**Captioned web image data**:
== Segment start ==
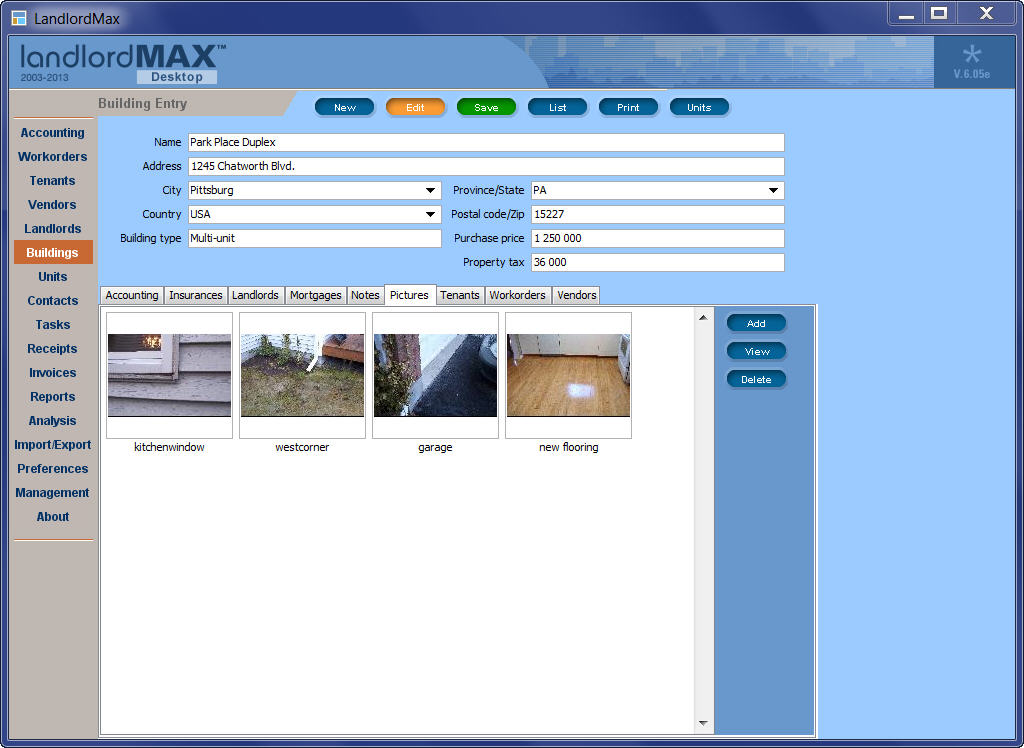 LandlordMax Property Management Software Screenshot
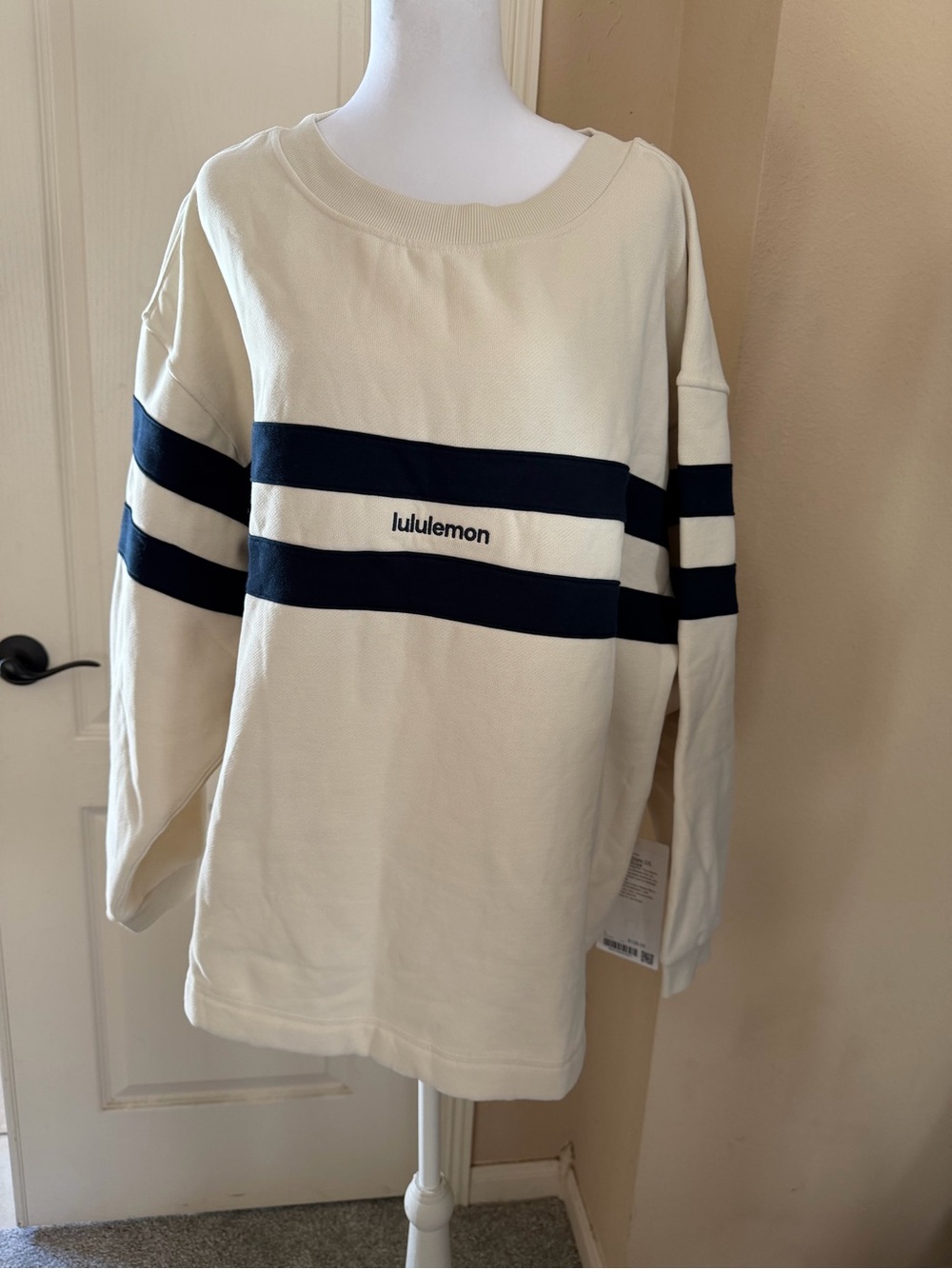 lululemon athletica Cream Long-Sleeve pullover Stripe Top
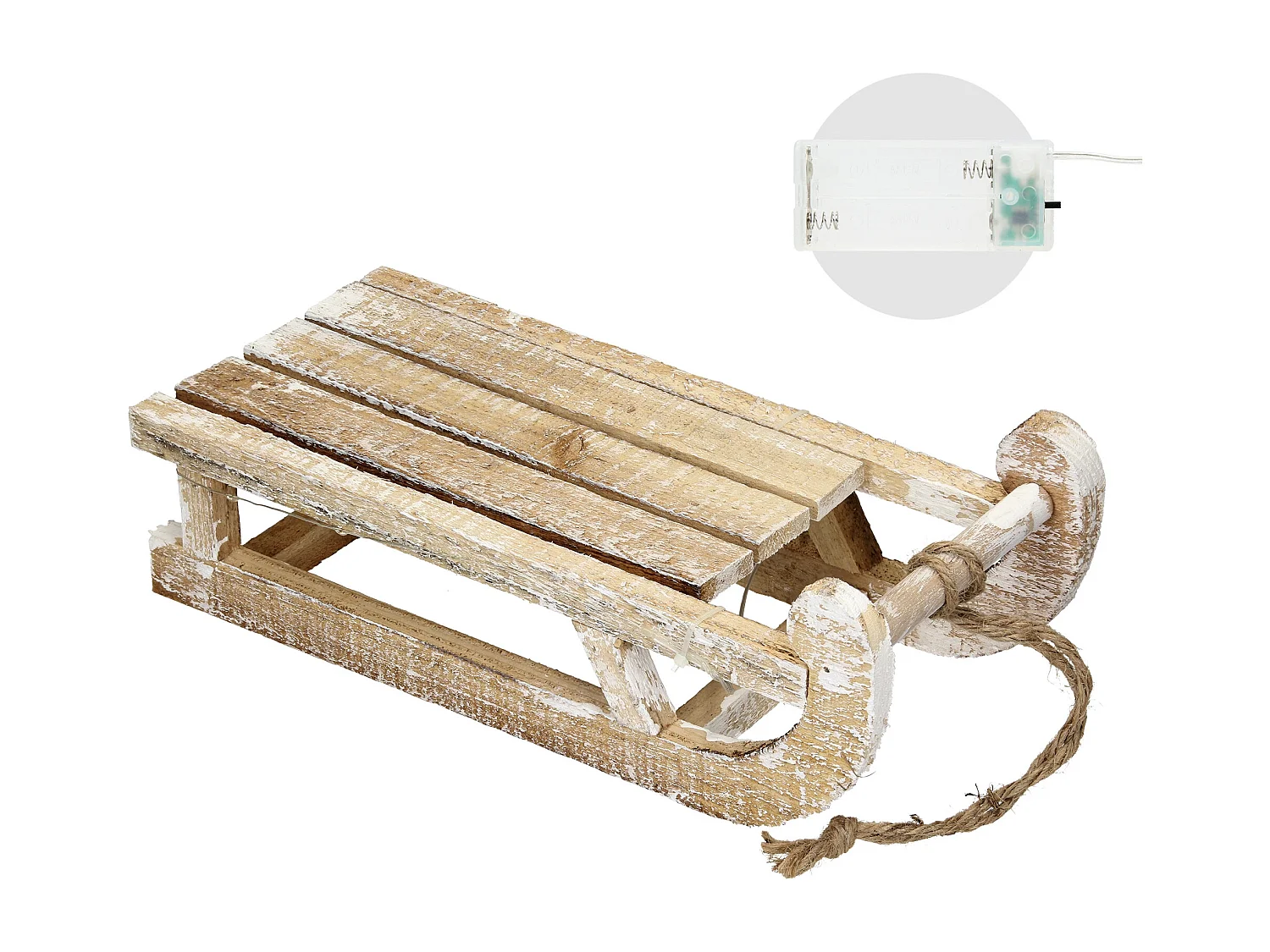 Traîneau décoratif avec 25 LED décoration de Noël en bois naturel marron 31,5 cm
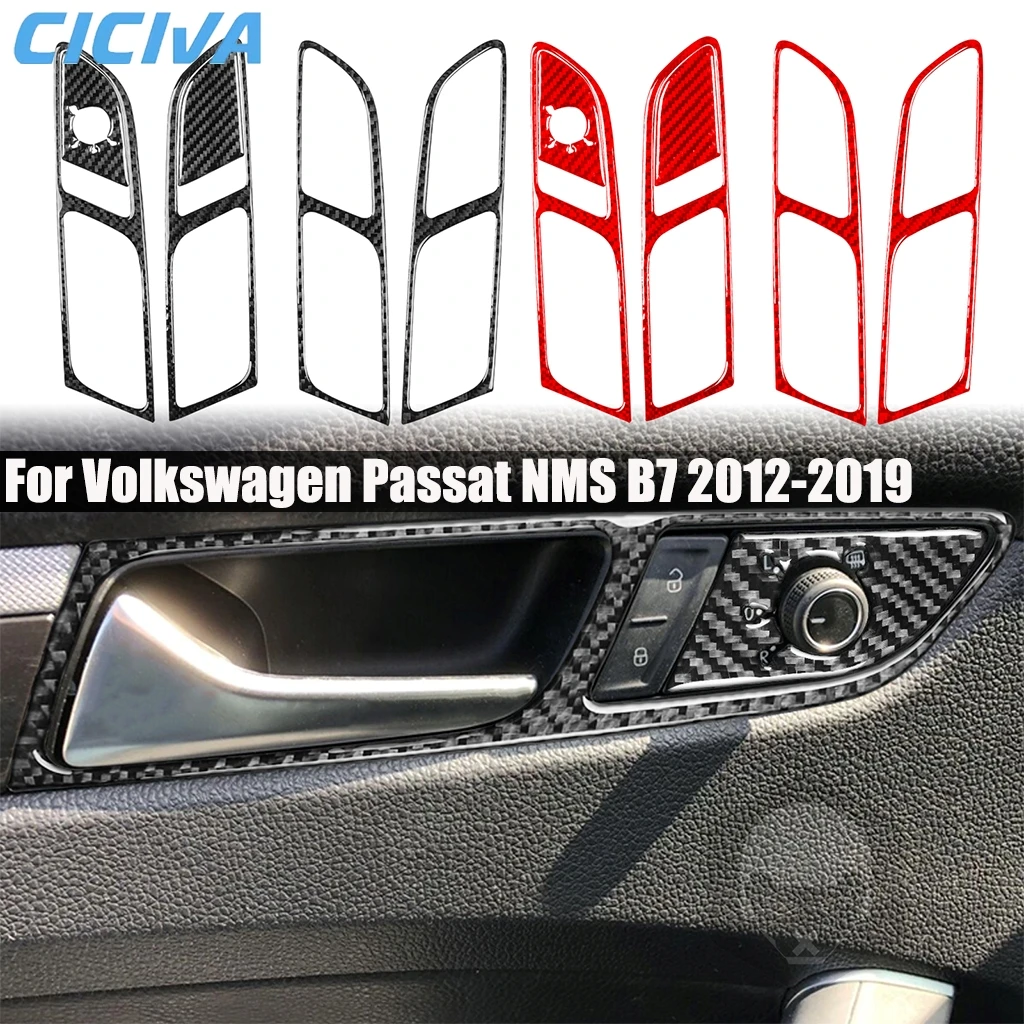 

Carbon Fiber Car Accessories Door Handle Decorative Interior Cover Modified Trim Sticker For Volkswagen Passat NMS B7 2012-2019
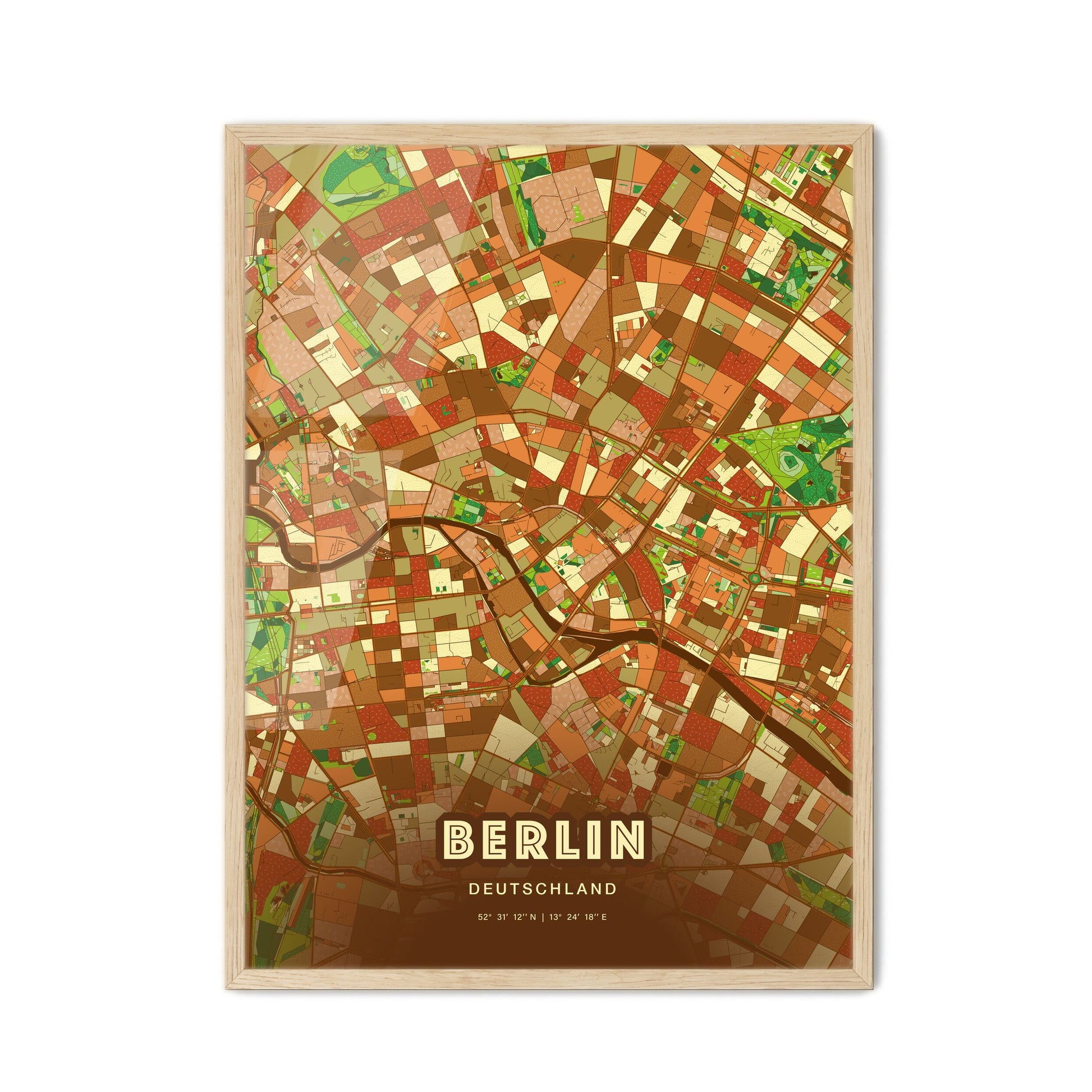 Colorful Berlin Germany Fine Art Map Farmhouse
== Segment end ==
What's needed is an exact retyping of the records, pictures excluded.

**Answer box**:
 LandlordMax Property Management Software Screenshot
 lululemon athletica Cream Long-Sleeve pullover Stripe Top
 Traîneau décoratif avec 25 LED décoration de Noël en bois naturel marron 31,5 cm

Carbon Fiber Car Accessories Door Handle Decorative Interior Cover Modified Trim Sticker For Volkswagen Passat NMS B7 2012-2019
 Colorful Berlin Germany Fine Art Map Farmhouse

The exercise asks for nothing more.